D.D. wheeled M into the macerator room, which was adjacent to the nursing station.

The macerator is a machine used to liquefy and dispose of the human waste from bedpans. The room also contained some lockers, a sink and a trashcan. Infection control protocols or gloves were not required to enter the room, which did not have a call bell.

D.D. tilted M back in his chair next to the lockers and locked the wheels. He could not be seen from the nursing station but he could be heard. D.D. checked on M three or four times in the 20-minute period that he was in the macerator room.

While on break, D.D.’s supervisor was notified that D.D. had put M in the macerator room. The supervisor immediately investigated. The supervisor found M in his typical state, vocalizing but otherwise in no difficulties.

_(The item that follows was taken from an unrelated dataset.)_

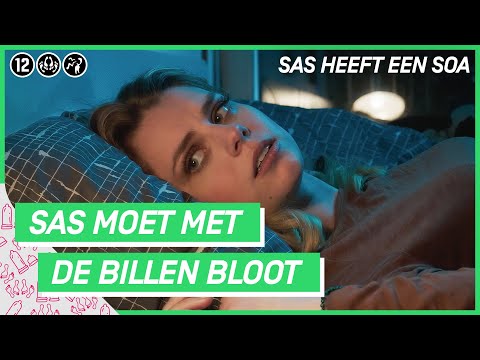 De gelukkige huisvrouw | SAS HEEFT EEN SOA #3 | NPO 3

The supervisor could not remove M by herself as he was striking out, so she called D.D. to help. The supervisor told D.D. that M could not be left in the macerator room. They returned him briefly to the hall and later — with the help of more staff — to his bed.

Supervisor did not report incident

The supervisor did not report the incident and neither did D.D. However, the incident was reported to the Nurse manager on Monday.

D.D. was called into an investigational meeting on May 4 and asked to explain why she put M in the macerator room.

Two days later, D.D. was fired. The termination letter alleged professional misconduct and said that D.D. had failed to attend to her patient’s therapeutic needs and to ensure a safe environment.

The union grieved.

There was no dispute that D.D.’s actions were inappropriate and that she was guilty of a serious error in judgment, the Arbitrator said.

Technically her actions did constitute abuse and the employer was right to act to protect its patients from abuse and insist on adherence to recognized standards of care.

However, termination was excessive in the circumstances, the Arbitrator said.

This was not a case of physical abuse. In fact, there was a therapeutic reason behind her action. D.D. removed M from the busy hallway because she believed that overstimulation was contributing to his agitation. This was an error in judgment but not an act of abuse, the Arbitrator said.

Moreover, while D.D.’s supervisor told her that it was not appropriate to park M in the macerator room, she was not moved to make a report about D.D.’s improvisation.

No malice

Also, unlike cases where abuse has been established, there was no abuse of power here, ill will or malice, the Arbitrator said.

“In this case there is no evidence that the grievor was motivated by anything other than consideration of all the competing patient interests she had to attend to and her belief that removing M from the hallway to a quiet place where he would be safe would be a positive influence on him and would protect the safety of others around him.”

In all the circumstances, the Arbitrator said that a five-day suspension was the appropriate discipline for D.D.’s error in professional judgment.

D.D. was reinstated with no loss of seniority and compensated for lost wages.

Reference: Joseph Brant Memorial Hospital and Ontario Nurses Association. Margo R. Newman — Sole Arbitrator. David Brady for the Employer. Rob Dobrucki for the Union. July 15, 2011. 30 pp.